Extracted information:
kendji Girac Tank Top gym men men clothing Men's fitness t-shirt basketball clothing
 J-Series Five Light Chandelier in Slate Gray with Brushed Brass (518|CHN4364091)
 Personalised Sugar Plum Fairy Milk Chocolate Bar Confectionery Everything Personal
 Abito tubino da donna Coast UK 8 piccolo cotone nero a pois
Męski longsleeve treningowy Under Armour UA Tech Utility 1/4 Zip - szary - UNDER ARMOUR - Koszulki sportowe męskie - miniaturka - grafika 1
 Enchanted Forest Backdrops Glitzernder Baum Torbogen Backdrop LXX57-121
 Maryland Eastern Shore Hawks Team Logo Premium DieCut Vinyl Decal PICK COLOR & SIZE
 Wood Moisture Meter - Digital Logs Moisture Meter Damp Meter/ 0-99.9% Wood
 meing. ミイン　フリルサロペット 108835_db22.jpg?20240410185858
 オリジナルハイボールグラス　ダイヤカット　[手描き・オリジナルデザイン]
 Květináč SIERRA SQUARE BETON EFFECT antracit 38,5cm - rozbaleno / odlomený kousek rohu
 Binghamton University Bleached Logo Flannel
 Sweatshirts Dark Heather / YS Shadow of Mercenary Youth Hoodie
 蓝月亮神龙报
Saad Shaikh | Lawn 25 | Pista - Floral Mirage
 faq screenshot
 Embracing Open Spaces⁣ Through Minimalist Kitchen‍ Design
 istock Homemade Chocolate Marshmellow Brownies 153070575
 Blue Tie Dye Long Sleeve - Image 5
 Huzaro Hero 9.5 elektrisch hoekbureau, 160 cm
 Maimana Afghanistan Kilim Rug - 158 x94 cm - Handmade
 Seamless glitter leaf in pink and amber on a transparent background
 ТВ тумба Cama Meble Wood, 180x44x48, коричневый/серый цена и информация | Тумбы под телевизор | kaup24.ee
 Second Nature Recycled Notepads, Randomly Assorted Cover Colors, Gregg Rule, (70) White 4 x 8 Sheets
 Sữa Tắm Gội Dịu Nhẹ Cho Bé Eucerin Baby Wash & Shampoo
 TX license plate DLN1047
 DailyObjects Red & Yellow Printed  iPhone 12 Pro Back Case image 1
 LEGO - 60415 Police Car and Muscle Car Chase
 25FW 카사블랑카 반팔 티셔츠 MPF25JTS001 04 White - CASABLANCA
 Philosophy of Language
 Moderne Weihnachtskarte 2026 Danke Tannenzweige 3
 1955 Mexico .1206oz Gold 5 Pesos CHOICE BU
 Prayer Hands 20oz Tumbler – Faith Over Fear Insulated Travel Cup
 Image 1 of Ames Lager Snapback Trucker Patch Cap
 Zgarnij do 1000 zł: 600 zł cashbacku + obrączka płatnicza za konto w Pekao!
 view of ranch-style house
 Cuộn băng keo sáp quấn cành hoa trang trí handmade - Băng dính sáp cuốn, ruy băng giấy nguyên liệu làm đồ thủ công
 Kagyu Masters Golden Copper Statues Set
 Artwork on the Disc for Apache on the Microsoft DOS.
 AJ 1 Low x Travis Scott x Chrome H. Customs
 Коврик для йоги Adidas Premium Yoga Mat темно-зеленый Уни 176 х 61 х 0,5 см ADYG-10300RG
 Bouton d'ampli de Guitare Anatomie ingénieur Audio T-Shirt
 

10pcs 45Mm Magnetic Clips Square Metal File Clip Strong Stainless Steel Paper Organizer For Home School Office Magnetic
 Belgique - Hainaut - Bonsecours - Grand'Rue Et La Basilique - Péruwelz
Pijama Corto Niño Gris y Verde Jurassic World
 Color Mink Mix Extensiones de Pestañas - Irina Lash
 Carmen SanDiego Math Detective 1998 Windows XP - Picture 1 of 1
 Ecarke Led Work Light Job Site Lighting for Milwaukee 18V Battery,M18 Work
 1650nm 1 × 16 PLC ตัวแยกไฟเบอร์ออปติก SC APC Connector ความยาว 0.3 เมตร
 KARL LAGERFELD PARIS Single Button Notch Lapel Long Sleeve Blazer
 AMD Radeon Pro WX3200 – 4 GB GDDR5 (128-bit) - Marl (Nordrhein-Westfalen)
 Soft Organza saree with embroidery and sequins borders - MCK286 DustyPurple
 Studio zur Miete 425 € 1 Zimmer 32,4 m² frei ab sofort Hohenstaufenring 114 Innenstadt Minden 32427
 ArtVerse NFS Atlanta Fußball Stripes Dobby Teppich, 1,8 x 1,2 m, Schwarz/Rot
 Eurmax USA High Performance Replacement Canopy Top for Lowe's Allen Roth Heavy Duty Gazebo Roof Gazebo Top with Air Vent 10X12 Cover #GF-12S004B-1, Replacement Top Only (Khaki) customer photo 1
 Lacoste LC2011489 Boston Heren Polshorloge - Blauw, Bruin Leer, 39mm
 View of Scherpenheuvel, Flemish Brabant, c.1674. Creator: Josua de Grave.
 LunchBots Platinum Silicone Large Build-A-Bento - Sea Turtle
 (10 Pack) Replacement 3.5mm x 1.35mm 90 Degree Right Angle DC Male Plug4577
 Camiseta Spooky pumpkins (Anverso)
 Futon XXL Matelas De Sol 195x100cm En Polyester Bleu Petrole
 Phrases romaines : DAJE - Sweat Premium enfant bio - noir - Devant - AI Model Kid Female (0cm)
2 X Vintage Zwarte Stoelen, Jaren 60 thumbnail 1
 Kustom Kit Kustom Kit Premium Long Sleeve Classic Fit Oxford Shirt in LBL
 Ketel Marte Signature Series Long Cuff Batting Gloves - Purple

Task instructions:
Would you restate exactly the lines of the material above, from its opening line through the line with "Męski longsleeve treningowy", and output only those?

Written reply:
kendji Girac Tank Top gym men men clothing Men's fitness t-shirt basketball clothing
 J-Series Five Light Chandelier in Slate Gray with Brushed Brass (518|CHN4364091)
 Personalised Sugar Plum Fairy Milk Chocolate Bar Confectionery Everything Personal
 Abito tubino da donna Coast UK 8 piccolo cotone nero a pois
Męski longsleeve treningowy Under Armour UA Tech Utility 1/4 Zip - szary - UNDER ARMOUR - Koszulki sportowe męskie - miniaturka - grafika 1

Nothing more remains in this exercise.